The reservoir sampling technique is implemented in TRIEST-BASE by the method sampleedge().

TRIEST-BASE keeps also a counter for the sampled edge, which is decreased if removed.
The method sampleedge() returns True if the considered edge must be inserted into the subgraph, and False otherwise

### 2. TRIEST 
TRIEST implements: 
* a global counter to estimate the global number of triangles,
* a set of local counters to estumete the local number of triangles. 

For an edge $e_t = (u,v)$, the method update_counters() computes the set of common neighborhood of
u and v in S and for each of them, updates the global and local
counters of u, v and c (depending on the selected operator, + or -).

Local counters which value is updated to 0 are popped, in order to reduce the space complexity. 

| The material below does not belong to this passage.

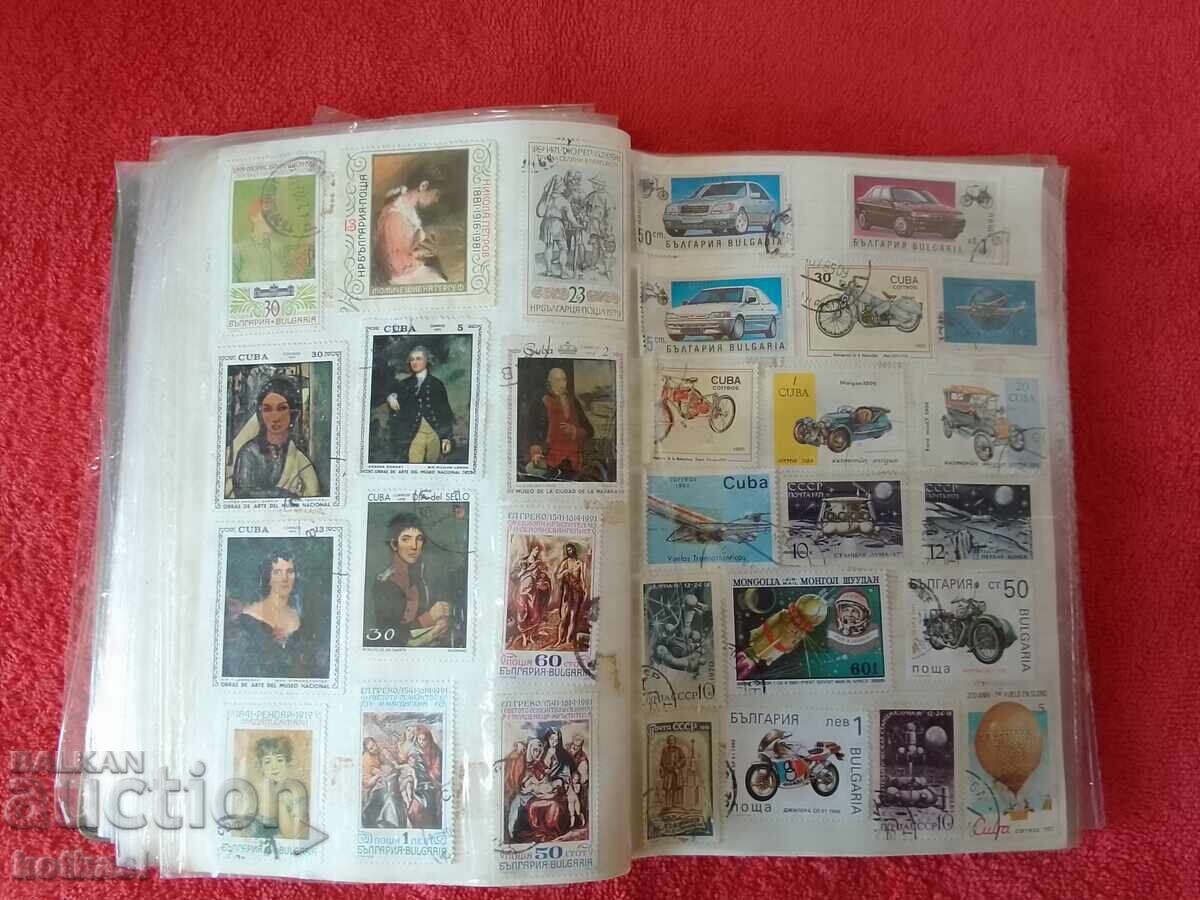 Άλμπουμ με παλιές γραμματόσημα περίπου 1311 τεμάχια - 7 Άλμπουμ με παλιές γραμματόσημα περίπου 1311 τεμάχια - 7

### Code implemented by Andrea

#### Triest Base

In [204]:
class TriestBase:
    def __init__(self,M):
        self.M = M # M edges to keep
        self.t = 0 # time 
        self.tau = 0 # global counter
        self.G = defaultdict(set) # set of neighbors
        self.local_cnt = defaultdict(int) # local count
        self.S = [] # edge sample

    def sampleedge(self,u,v):
        if self.t <= self.M:
            return True
        elif self.flip_biased_coin():
            u_dash, v_dash = self.S.pop(random.randint(0,len(self.S)-1))
            self.update_counters(u_dash,v_dash,'-')
            return True
        return False

    def update_counters(self,u,v,op):
        common_neighborhood = self.G[u].intersection(self.G[v])
        
        if not common_neighborhood:
            return

        for c in common_neighborhood:

            if op == '+':
                self.tau += 1
                self.local_cnt[c] += 1
                self.local_cnt[u] += 1
                self.local_cnt[v] += 1

            elif op == '-':
                self.tau -= 1
                self.local_cnt[c] -= 1

                if self.local_cnt[c] == 0:
                    self.local_cnt.pop(c)
                
                self.local_cnt[u] -= 1            
                
                if self.local_cnt[u] == 0:
                    self.local_cnt.pop(u)
                
                self.local_cnt[v] -= 1
                
                if self.local_cnt[v] == 0:
                    self.local_cnt.pop(v)

    def flip_biased_coin(self):
        head_prob = random.random()
        if head_prob <= self.M/self.t:
            return True
        else:
            return False

    def return_counters(self):
        estimate = max(1, (self.t * (self.t - 1) * (self.t - 2))/(self.M * (self.M - 1) * (self.M - 2)))

        global_estimate = int(estimate * self.tau)

        for key in self.local_cnt:
            self.local_cnt[key] = int(self.local_cnt[key] * estimate)

        return {'global':global_estimate,'local':self.local_cnt}

    def run(self,u,v):
        self.t += 1
        if self.sampleedge(u,v):
            self.S.append((u,v))
            self.update_counters(u,v,'+')
            self.G[u].add(v)
            self.G[v].add(u)


In [205]:
M = len(data)
model = TriestBase(M)

for u,v in data:
    model.run(u,v)

res = model.return_counters()
# Number of triangles in the graph
print('Number of triangles in the graph: ',res['global'])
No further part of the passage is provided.